Various internet sources suggest a wide range of details, but the point of the story remains the same. Here's my version of it:

A well known scientist has just finished a public lecture on cosmology, describing how the Earth orbits the Sun, the Moon orbits the Earth, and even the sun itself orbits around the galactic center along with billions of other stars which constitute our galaxy. At the end of the lecture an old woman in the back stands up and says, "What you've told us is rubbish!
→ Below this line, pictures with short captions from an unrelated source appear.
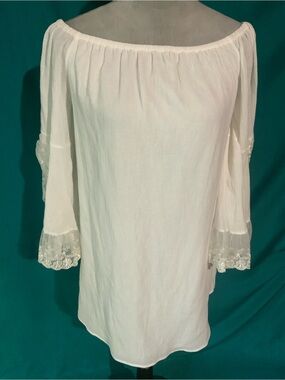 Basically Me White Off-Shoulder Lace Sleeve Tunic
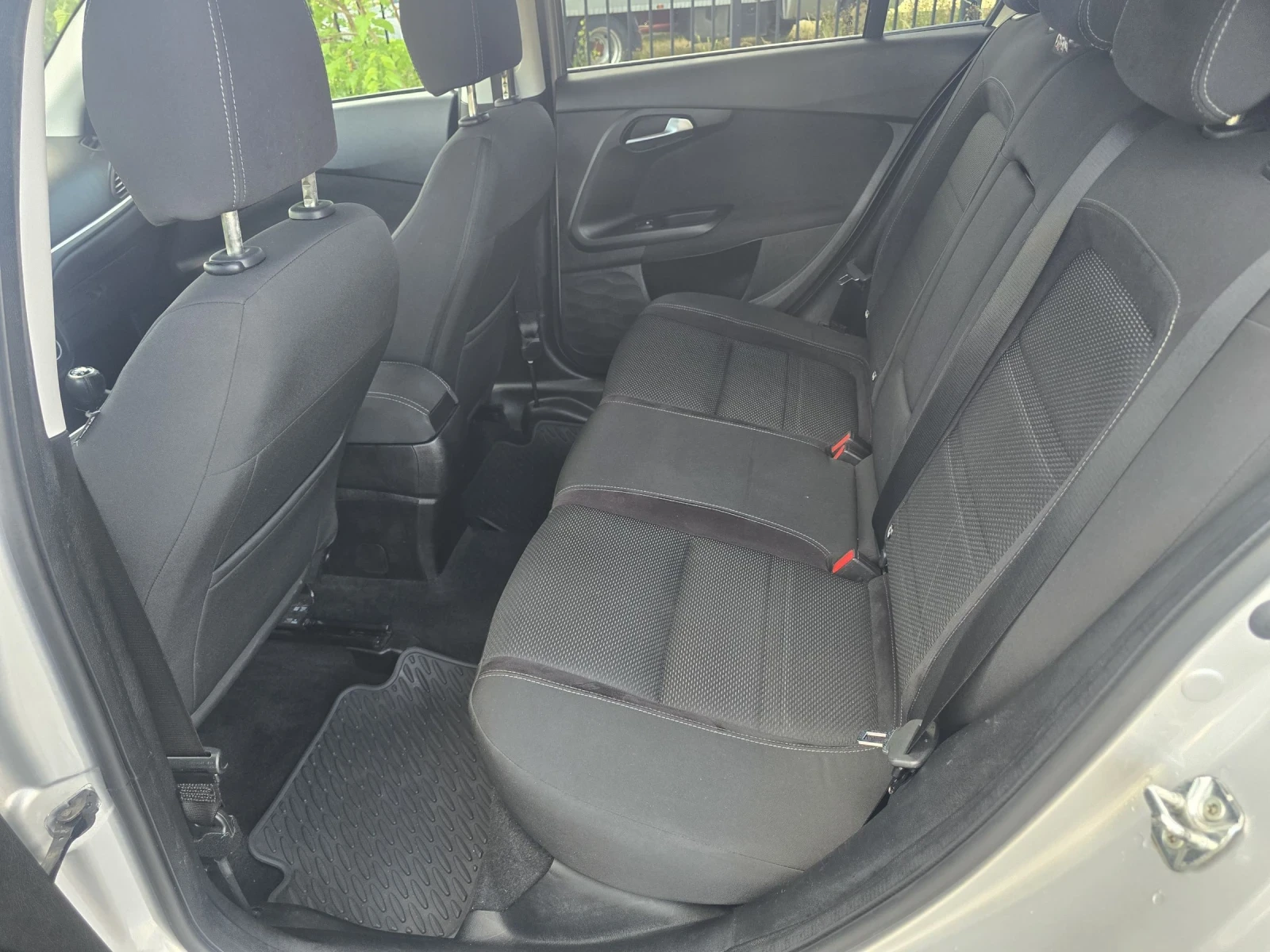 Fiat Tipo 1.6d, снимка 9 - Автомобили и джипове - 54961856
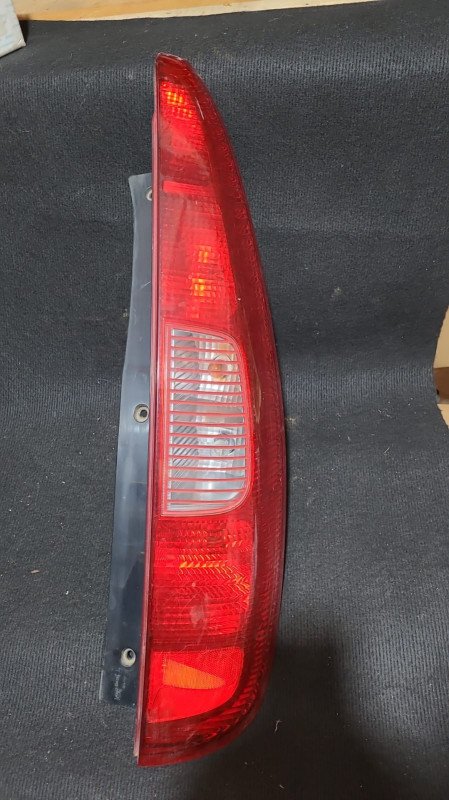 Faro trasero Mitsubishi Colt RH (usado)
I happen to know the world is a flat plate resting on the back of four gigantic elephants!"

"And what do the elephants stand on?" says the scientist, thinking to foil her.

She crows back, "Why, on the back of an even larger turtle, of course!"

"And what does the turtle stand on?" he continues, sure he has her now.

"On the back of another turtle!"

"And what does that turtle stand on?" asks the scientist, now growing exasperated.

"It's no use, young man," the old woman replies brightly, "it's turtles all the way down!"

Hawking uses a shorter version to open his book. He assumes the concept of a flat earth supported by turtles will seem amusing and absurd to everyone who reads it. This allows him to ask how they know it's absurd and then spend the rest of the book answering that question (and others).

It stuck with me, however, for an entirely different reason - because Hawking's assumption is wrong. I know people who believe the devil put dinosaur bones in the ground to test our faith. I know other people who are quite vocal about the "hoax of carbon dating". I'm afraid to ask, but I'm sure I even know a few people who agree with the old woman about the turtles. Given the current political climate of bioterrorism and nuclear saber-rattling, apparently some of the people in power agree with her, too.


Sources:
Stephen Hawking, A Brief History of Time (Bantam Books, 1998)
"Turtles all the way down", http://andstuff.org/TurtlesAllTheWayDown (2003-Dec-22)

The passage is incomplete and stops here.